What sprouts might begin with a look like:
  • A new for-profit enterprise with new income possibilities for the budding entrepreneur and for the people that this business may employ in the future;
  • A new nonprofit service organization that fills a gap in needed services or provides services in ways that are more accessible or community-friendly than what is currently available;
  • A group that develops the know-how and clout that has is needed to elevate community voice and shift the power dynamic in their community to bring about desired change.
The art of working from a "we begin with residents" lens is about watching as the possibilities begin to sprout, with conversations and learning opportunities that nourish - not steer - those ideas.

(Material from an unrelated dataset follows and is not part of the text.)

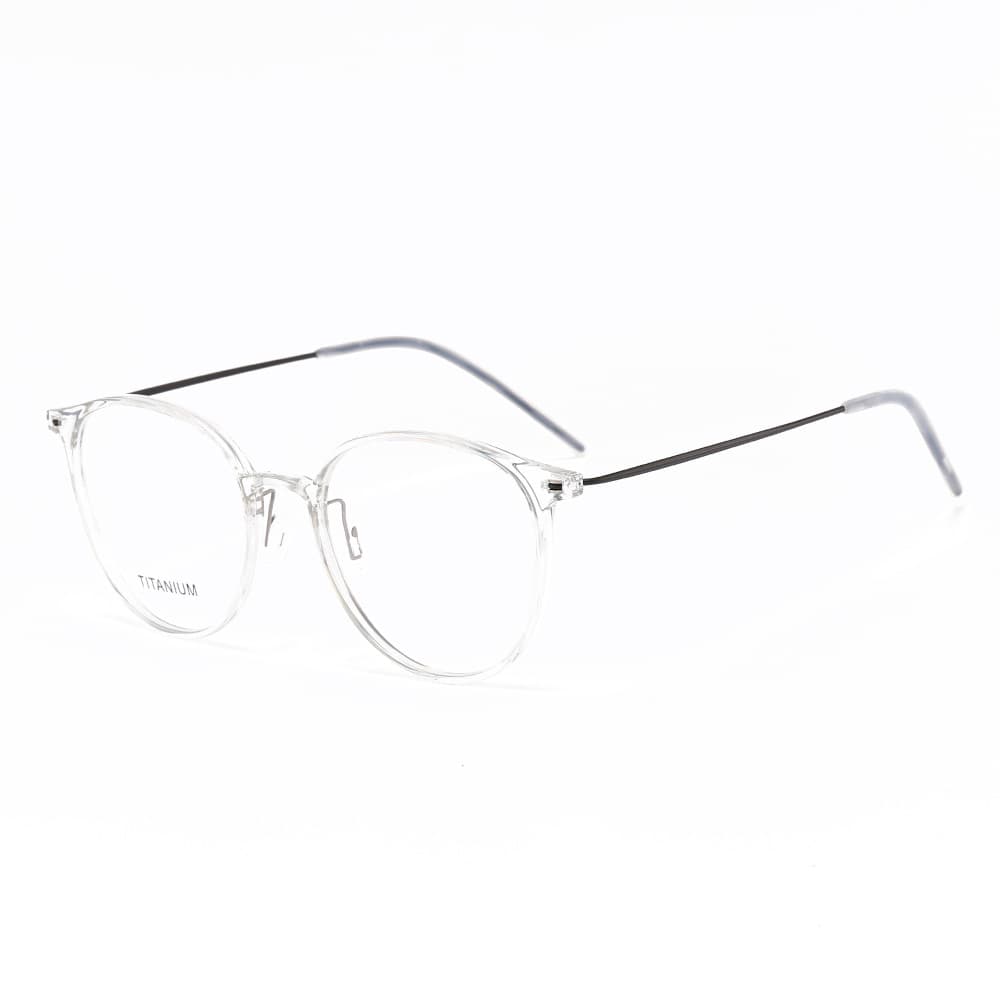 Foreign trade ultra-light and thin Korean version oval myopia plastic steel glasses frame women's titanium feet ins literary student frame 8016 5
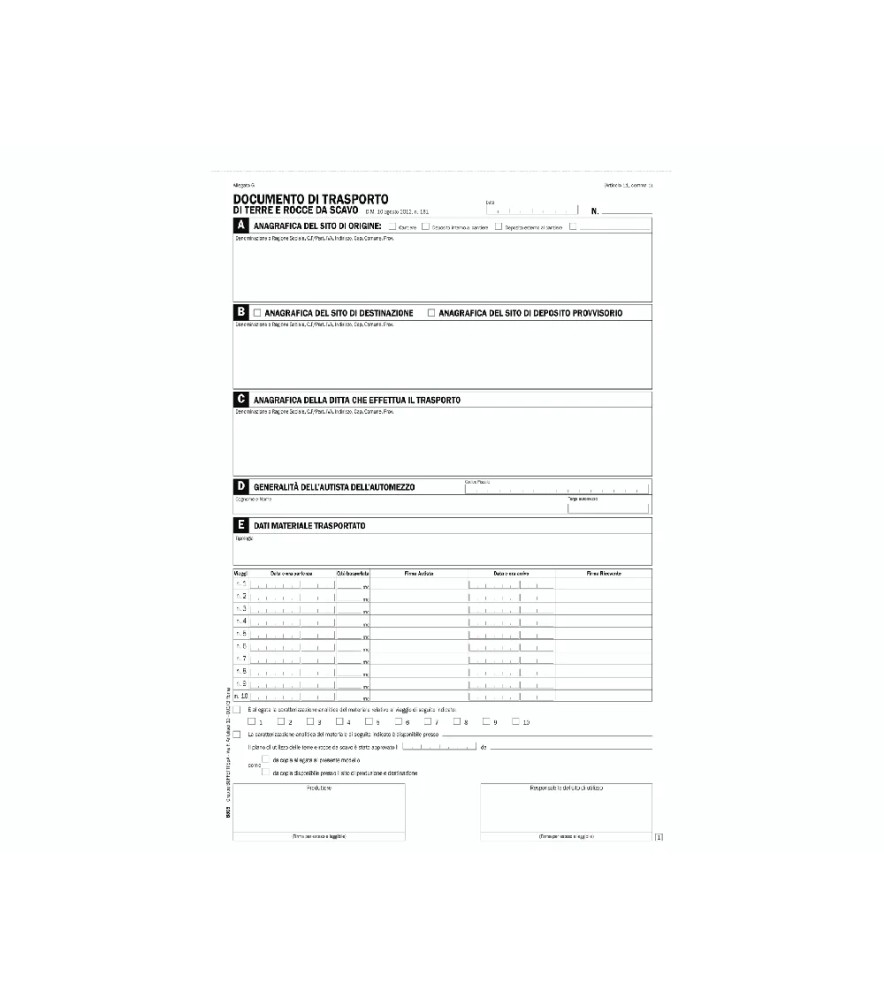 Blocco D.d.t. Terre e Rocce da Scavo 240 x 315mm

  • It's about recognizing a budding entrepreneur without steering that entrepreneur into starting a nonprofit.  Instead, it's about connecting that person or group to people who are knowledgeable about starting small businesses.
  • It's about asking good questions if the idea that is sprouting is really about starting a nonprofit to provide services, and not kicking into auto drive with advice about starting a new nonprofit. You can ask if this a service that's needed but not currently available, or is this something that is offered but not in a way that is accessible, appropriate, affordable or community friendly? And if the service is indeed currently available but falling short in some areas, use your position as a funder to help make the connections that would could create new partnerships or challenge the current service-provider status quo.
  • It's about continuing to expose those who are seeking short-term solutions to problems that have deep-rooted policy origins to information about root causes while not doing your own "bonsai" type shaping to turn the group into something it doesn't really want to be.
I firmly believe that we can indeed use the small grants programs associated with grassroots grantmaking to do very specific work. We can invite ideas that have to do with access to healthy food or less isolation for the elderly or advancing social change. But if we are indeed working from a "we begin with residents" point of view, what will sprout will still look more like a meadow than a garden. We can single out the ideas that match our priorities, but need to think about what we will do with the others. Will we treat them as weeds and forget that they are re-populating the active citizen landscape in our community? Or will we respect the possibilities that they represent and make the connections needed to help them flower, even if what they need next is not us?

To me, this is the art of big thinking about small grants. How does this work for you?